(Data extract)
○ ○ ○ ○ ○

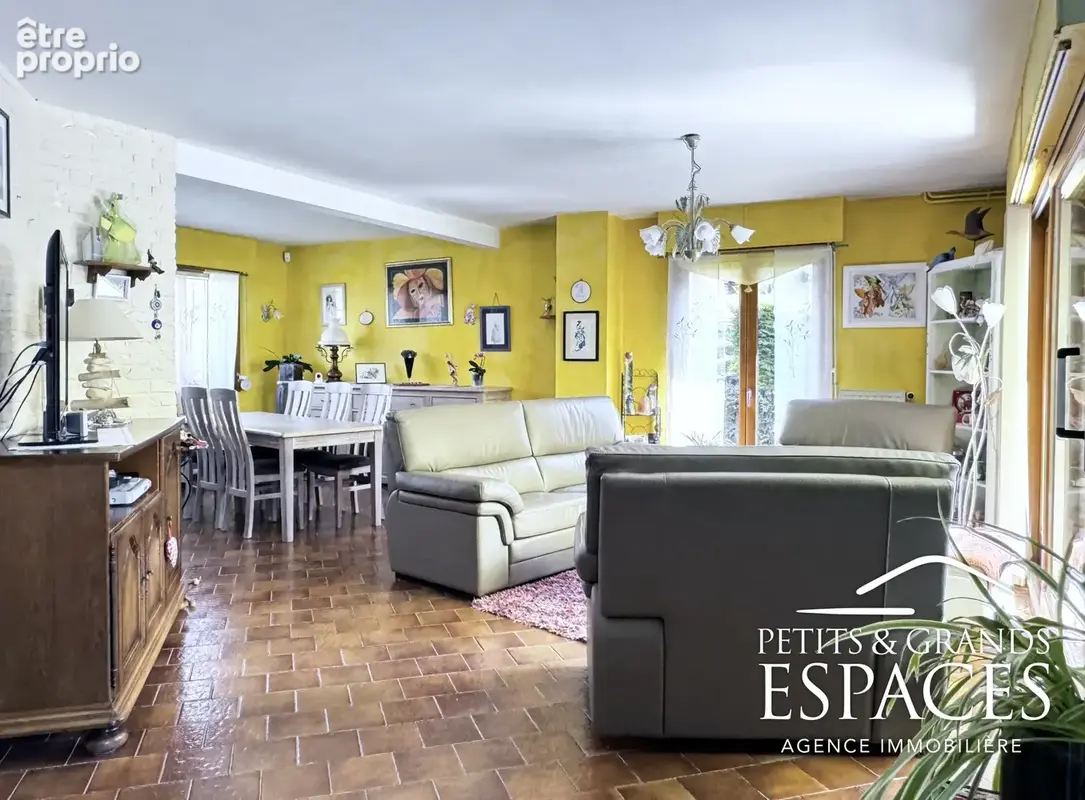 Une maison familiale de qualité dans un environnement privilégié - photo 5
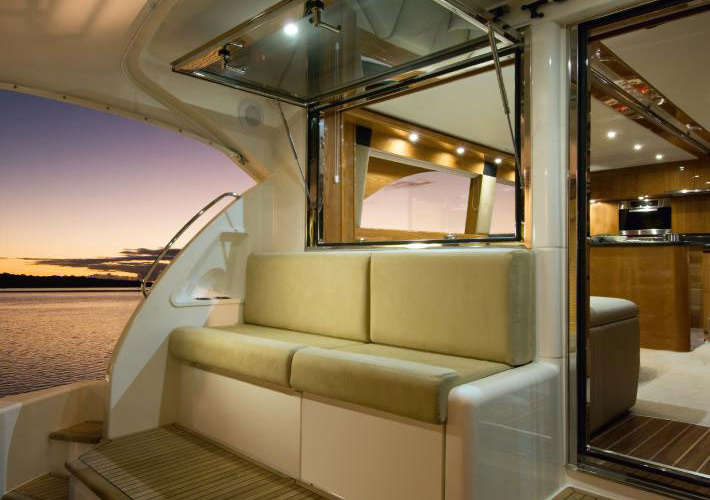 Riviera 61 Enclosed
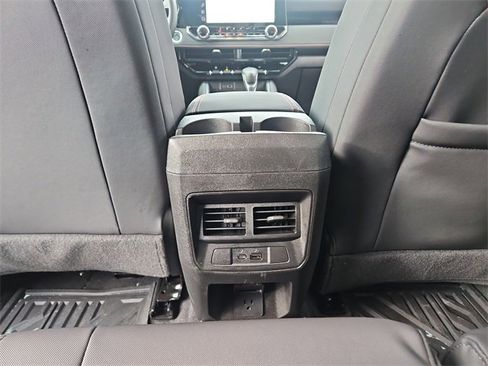 Used 2024 Chevrolet Colorado Z71 w/ Z71 Convenience Package 2 image 21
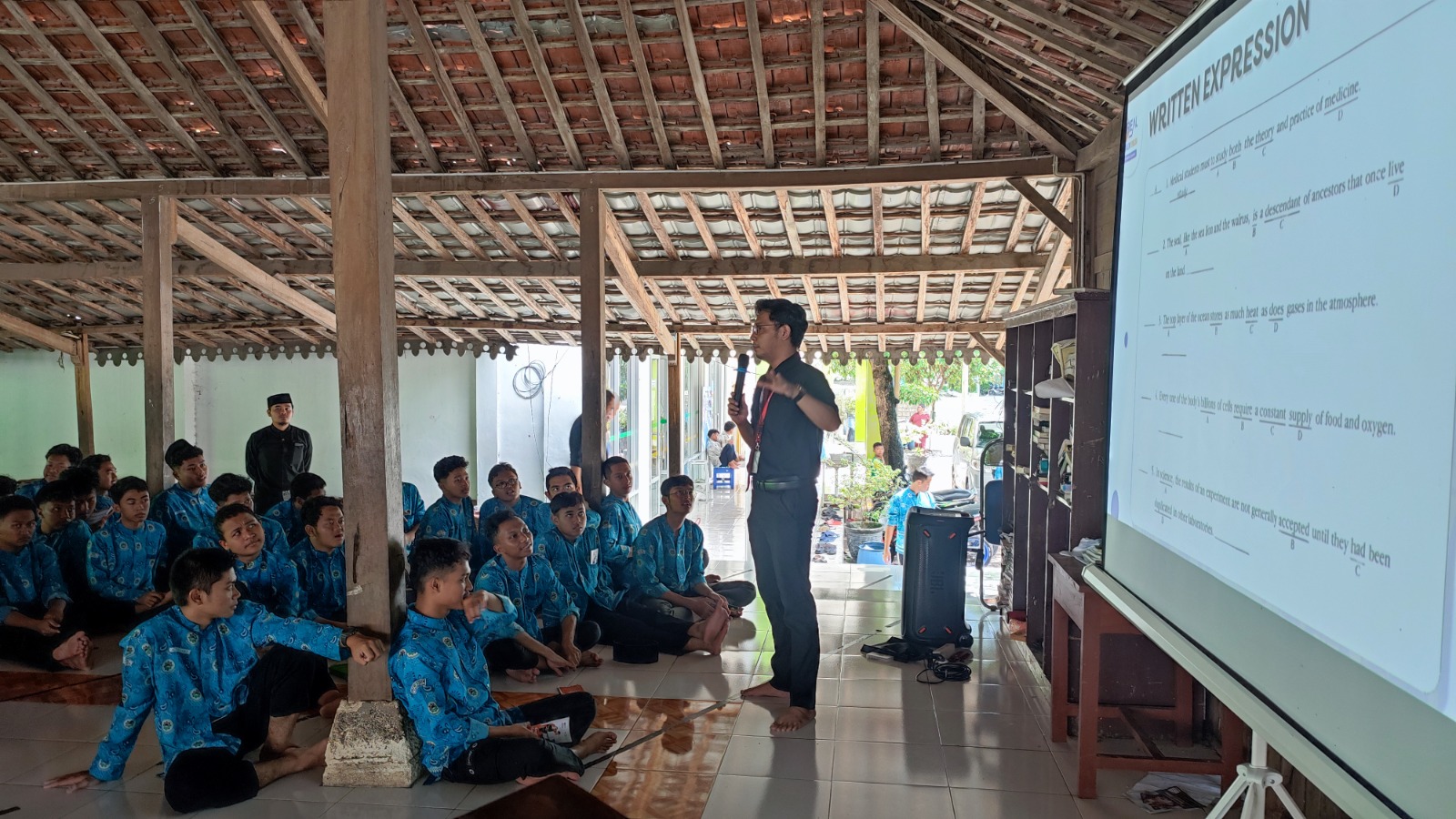 Read more about the article Panitia Prestasi Gandeng ION’s Yogyakarta Gelar Tips and Trick TOEFL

○ ○ ○ ○ ○

(Work to complete) Restate the material above exactly. Exclude all pictures.

(Solution to this problem)
 Une maison familiale de qualité dans un environnement privilégié - photo 5
 Riviera 61 Enclosed
 Used 2024 Chevrolet Colorado Z71 w/ Z71 Convenience Package 2 image 21
 Read more about the article Panitia Prestasi Gandeng ION’s Yogyakarta Gelar Tips and Trick TOEFL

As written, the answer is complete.